Alternatives to annuities
If you want long-lasting income without the fees and complexity of annuities, there are other options. Social Security and dividend stocks are two that may serve your needs.
Social Security
Aside from annuities, Social Security is one of the very few sources of income designed to last you the rest of your life once you start receiving it.
Your Social Security payment is based on your work history. But you can still affect its size, even as you approach retirement. For instance, you may boost your working salary in the last few years of your job to enhance your benefits. You might also delay collecting Social Security to boost your payment.
The obvious benefit Social Security offers over an annuity is that there is no up-front expense. If you postpone retirement to increase your Social Security payment, you give up income up front. But at least the money stays in your savings account.
Dividends
Dividend shares might potentially produce income for life. Unfortunately, that is not guaranteed. A firm has the ability to cut, suspend, or cancel its dividend at any time.

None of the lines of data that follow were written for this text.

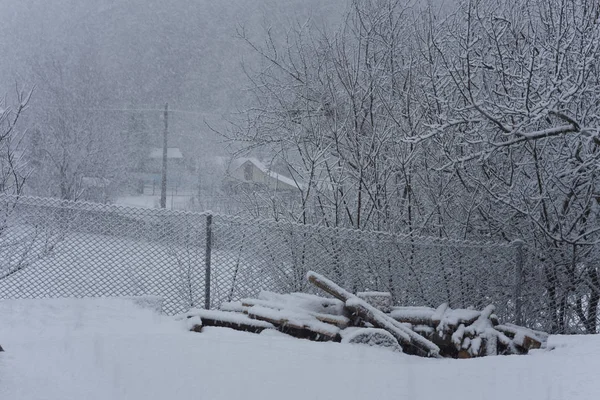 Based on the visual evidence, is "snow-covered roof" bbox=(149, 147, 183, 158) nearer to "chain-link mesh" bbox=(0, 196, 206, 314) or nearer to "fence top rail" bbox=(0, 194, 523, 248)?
"chain-link mesh" bbox=(0, 196, 206, 314)

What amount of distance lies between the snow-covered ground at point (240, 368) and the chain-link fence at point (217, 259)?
140 centimetres

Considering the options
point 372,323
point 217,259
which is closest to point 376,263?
point 372,323

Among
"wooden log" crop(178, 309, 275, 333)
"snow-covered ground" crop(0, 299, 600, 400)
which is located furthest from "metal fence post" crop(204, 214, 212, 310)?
"snow-covered ground" crop(0, 299, 600, 400)

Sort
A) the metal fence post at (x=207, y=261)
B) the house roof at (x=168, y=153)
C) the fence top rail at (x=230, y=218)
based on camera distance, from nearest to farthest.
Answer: the fence top rail at (x=230, y=218), the metal fence post at (x=207, y=261), the house roof at (x=168, y=153)

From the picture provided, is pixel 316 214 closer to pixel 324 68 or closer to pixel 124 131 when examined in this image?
pixel 324 68

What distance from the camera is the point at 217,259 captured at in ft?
22.2

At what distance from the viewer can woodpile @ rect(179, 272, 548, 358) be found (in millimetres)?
4738

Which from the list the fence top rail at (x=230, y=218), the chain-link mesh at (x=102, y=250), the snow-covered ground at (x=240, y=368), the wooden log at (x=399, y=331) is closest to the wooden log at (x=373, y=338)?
the snow-covered ground at (x=240, y=368)

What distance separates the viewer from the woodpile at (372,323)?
4738mm

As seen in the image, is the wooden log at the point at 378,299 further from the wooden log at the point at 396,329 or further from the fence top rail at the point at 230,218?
the fence top rail at the point at 230,218

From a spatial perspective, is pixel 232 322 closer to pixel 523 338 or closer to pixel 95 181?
pixel 523 338

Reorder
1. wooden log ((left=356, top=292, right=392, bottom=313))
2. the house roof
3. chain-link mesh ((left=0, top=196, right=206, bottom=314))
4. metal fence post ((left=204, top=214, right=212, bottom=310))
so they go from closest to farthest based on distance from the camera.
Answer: wooden log ((left=356, top=292, right=392, bottom=313)) → chain-link mesh ((left=0, top=196, right=206, bottom=314)) → metal fence post ((left=204, top=214, right=212, bottom=310)) → the house roof

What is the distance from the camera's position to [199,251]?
647cm

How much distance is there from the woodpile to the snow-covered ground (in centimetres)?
22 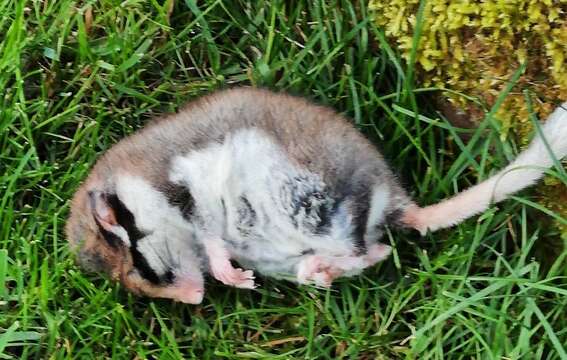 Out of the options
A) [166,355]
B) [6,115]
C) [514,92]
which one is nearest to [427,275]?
[514,92]

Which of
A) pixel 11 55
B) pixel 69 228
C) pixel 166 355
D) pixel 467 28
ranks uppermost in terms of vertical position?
pixel 467 28

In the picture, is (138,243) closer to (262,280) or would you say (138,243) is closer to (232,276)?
(232,276)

The good news is that there are certain dividend stocks that are more dependable than others. 25 or more consecutive years . Dividend Aristocrats® ( the phrase “ Dividend Aristocrats® ” is a registered trademark of Standard & Poor’s Financial Services LLC ) are firms that have paid and grown their dividends for 25 or more consecutive years . There is also a club of 50-year dividend-increasing stocks, dubbed the Dividend Kings.
Dividend Aristocrats and Dividend Kings won’t guarantee payouts, but they’ll be slow to cancel a dividend, too. If you have any risk tolerance, these stocks are a good choice for retirement income.

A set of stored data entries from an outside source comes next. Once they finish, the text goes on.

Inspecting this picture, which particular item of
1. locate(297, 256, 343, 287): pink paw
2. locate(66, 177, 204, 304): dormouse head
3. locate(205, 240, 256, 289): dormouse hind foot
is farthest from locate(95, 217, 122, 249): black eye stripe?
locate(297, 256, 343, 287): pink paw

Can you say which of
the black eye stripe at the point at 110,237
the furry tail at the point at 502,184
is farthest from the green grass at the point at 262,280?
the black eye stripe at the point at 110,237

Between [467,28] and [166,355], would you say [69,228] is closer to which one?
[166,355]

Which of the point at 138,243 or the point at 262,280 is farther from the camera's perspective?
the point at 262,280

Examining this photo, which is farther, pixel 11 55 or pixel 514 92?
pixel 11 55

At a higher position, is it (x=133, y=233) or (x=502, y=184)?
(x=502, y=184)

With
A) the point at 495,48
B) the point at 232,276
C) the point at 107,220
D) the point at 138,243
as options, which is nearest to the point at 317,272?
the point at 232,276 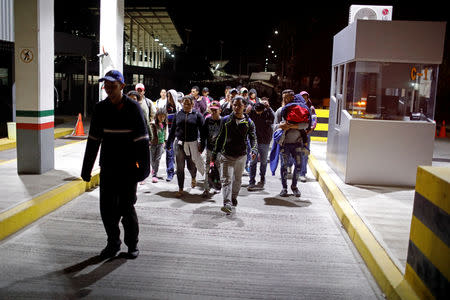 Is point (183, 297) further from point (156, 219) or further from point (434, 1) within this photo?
point (434, 1)

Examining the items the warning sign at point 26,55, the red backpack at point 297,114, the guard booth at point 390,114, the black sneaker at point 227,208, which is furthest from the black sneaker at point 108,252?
the guard booth at point 390,114

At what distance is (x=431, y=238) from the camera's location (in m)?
3.57

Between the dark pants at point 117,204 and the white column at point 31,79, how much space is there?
4.27 m

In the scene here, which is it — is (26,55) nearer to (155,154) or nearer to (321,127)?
(155,154)

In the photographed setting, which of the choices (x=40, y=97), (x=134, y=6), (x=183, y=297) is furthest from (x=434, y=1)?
(x=183, y=297)

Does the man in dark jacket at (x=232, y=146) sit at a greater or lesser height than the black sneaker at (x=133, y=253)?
greater

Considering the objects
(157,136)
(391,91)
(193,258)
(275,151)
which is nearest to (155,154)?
(157,136)

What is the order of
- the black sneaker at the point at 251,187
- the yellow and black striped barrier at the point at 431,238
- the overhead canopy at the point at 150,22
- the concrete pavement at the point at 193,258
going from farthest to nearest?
the overhead canopy at the point at 150,22, the black sneaker at the point at 251,187, the concrete pavement at the point at 193,258, the yellow and black striped barrier at the point at 431,238

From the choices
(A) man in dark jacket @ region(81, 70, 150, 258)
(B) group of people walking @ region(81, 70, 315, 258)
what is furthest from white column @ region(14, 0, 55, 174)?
(A) man in dark jacket @ region(81, 70, 150, 258)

Dividend stocks are riskier than annuities but offer more potential income. You will receive dividend income, and your assets should also appreciate over time.
The premium for guaranteed income
A retirement annuity pays you an income for a certain period of time, or for the rest of your life. That promise might be reassuring, particularly if you’re anxious about living longer than your funds. One of the biggest downsides is that annuities have a cost for peace of mind.
Fortunately, you don’t have to choose between an annuity and alternative income options.
Your retirement plan might include many kinds of income — an annuity, a Social Security payment taken at the right time, and dividend income, for example. Spreading out like that helps dull the negatives of each source of income, including the fees in your annuity and the instability of a dividend portfolio.